Rootdown - Soulfood Music
October 5, 2007 (Germany, Austria, Switzerland) / February 15, 2008 (Worldwide)
from 5 (excellent) to 1 (poor)|
|Vocals : 5||Backing : 4||Production : 5||Sound quality : 5||Sleeve : 4|
Zürich, Switzerland based Lee Everton is the first
English language artist who has been added to Rootdown Records' artist roster
that already contained artists like Nosliw, Mono & Nikitaman, Nattyflo
and Maxim. Lee Everton instead of using (Rootdown Records'
co-founder and in house producer Thilo 'Teka' Jacks') established
roots (or dancehall) riddims creates his own riddim style, the 'Slingstyle
Riddim'. This 'Slingstyle' approach is the foundation for the backing
of his singer-songwriter reggae, leaving lots of space for his beautiful
melodies and intense lyrics on this extremely pressing debut album "Inner
Exile". From his early teenage days Lee Everton has been fascinated by
black music, searching for the right song and the perfect sound he
traveled to Jamaica when he was 18 to spend a year at the Jamaican School
of Music in Kingston. The sessions with musicians from all over the
Caribbean had a lasting impact on him. Working later at the Quad Recording
Studios in NYC he assisted sessions with Alicia Keys, Kanye West and Celia
Cruz. Only recently he attended a workshop for songwriters in Los Angeles
where he met successful songwriter Penny Framstad who offered him to coach
him on two of his songs, a chance he took gladly. Turning point in his
life however was a car accident that he survived mainly uninjured but
which made him more reflective and sensitive. With all these experiences
under his belt he started experimenting with new riddims trying to create
a new own sound that he new found in his 'Slingstyle' approach that is
prominently featured on this "Inner Exile", that has now received a
worldwide release after its initial release in Germany, Austria and
Switzerland 4 months ago.|
The wonderful opening track "I Feel Like Dancing" which has already made it onto the playlists of Switzerland's two major radio stations is a great plea to the girl that makes Lee happy, with an absolutely smashing rocksteady-like solo guitar played by the late Matias 'Maze' Salami, one of the musicians Lee Everton worked with for this album, the others being Alexis 'Singha Dee' Amitirigala, Leon 'Mandela' Duncan, Adrian Weyermann, Roman Bruderer, The Interruptor, The Kung Fu Horns, Pat Zihlmann and the Scrucialists followed by Lee singing about the absolutely opposite emotions in "You Ain't Good To Me No More" and the mystic titletrack "Inner Exile". There is, as often the case with reggae singer-songwriters (check e.g.

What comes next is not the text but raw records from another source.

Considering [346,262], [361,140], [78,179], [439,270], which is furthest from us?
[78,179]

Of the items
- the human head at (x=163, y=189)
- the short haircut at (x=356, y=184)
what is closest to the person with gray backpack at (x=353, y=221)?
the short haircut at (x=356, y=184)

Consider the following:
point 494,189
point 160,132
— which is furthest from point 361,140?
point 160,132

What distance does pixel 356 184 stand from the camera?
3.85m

Patrice and Martin Jondo), undeniably something pleasing Marley-esque in the delivery and backing, that sipples through on almost every tune, be it the ones above or very intense in "King Vapor" following these.

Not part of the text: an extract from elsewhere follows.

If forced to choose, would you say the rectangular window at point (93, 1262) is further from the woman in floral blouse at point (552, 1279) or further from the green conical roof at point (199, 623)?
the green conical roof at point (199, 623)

The truly sweet current single "So Proud Of You" (with "I Feel Like Dancing" on the flipside) is followed by Lee Everton's take on the Animals' "Bring It On Home To Me" from 1965, fully embedded in Lee's own Slingstyle and yet preserving some of the bluesy feeling of the original. "Cold Wind Blow" is the heartfelt song written October 2006 for Matias 'Maze' Salami, who passed away unexpectedly just little more than a year ago on September 22, 2006 at the age of 29(!), followed by "April" of which the backing with its wobbly bass brings back memories especially in the intro but throughout the whole tune of Lee Perry's riddim for Junior Murvin's "Police And Thieves" and another tune for someone deceased "Genova", written in the aftermath of the G8 manifestation in Genova in Italy in 2001 when a young demonstrator died.

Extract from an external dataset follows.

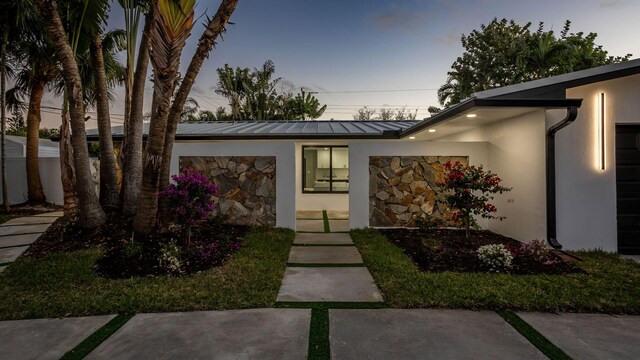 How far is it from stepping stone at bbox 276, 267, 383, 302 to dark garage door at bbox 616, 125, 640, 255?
4752 mm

Back to the love gone wrong lyrics for the melancholic "Won't Keep Knocking" before the very soulful "Comfort Me" with its subdued horns completely overwhelms you despite its laidback riddim and delivery, followed by the soothing "Down By The River" in which Lee himself is the one offering solace. The rather upful backing of "I Ain't Got No Home" reveals that this tune is not about the hardships but about the pleasures of being a wanderer, before Lee Everton explains how to do it (as in making love, not his musical style) in "Slingstyle Music" before closing this album with the smashing "Come Closer To Me" that will for sure - despite its totally different lyrics and melody - because of its backing make everyone think of Bob Marley & the Wailers' "No Woman No Cry". Lee Everton's "Inner Exile" is wonderful reggae singer-songwriter debut album and he is a very welcome extension of Rootdown Records stable. This album will surely convince a lot of listeners to buy it.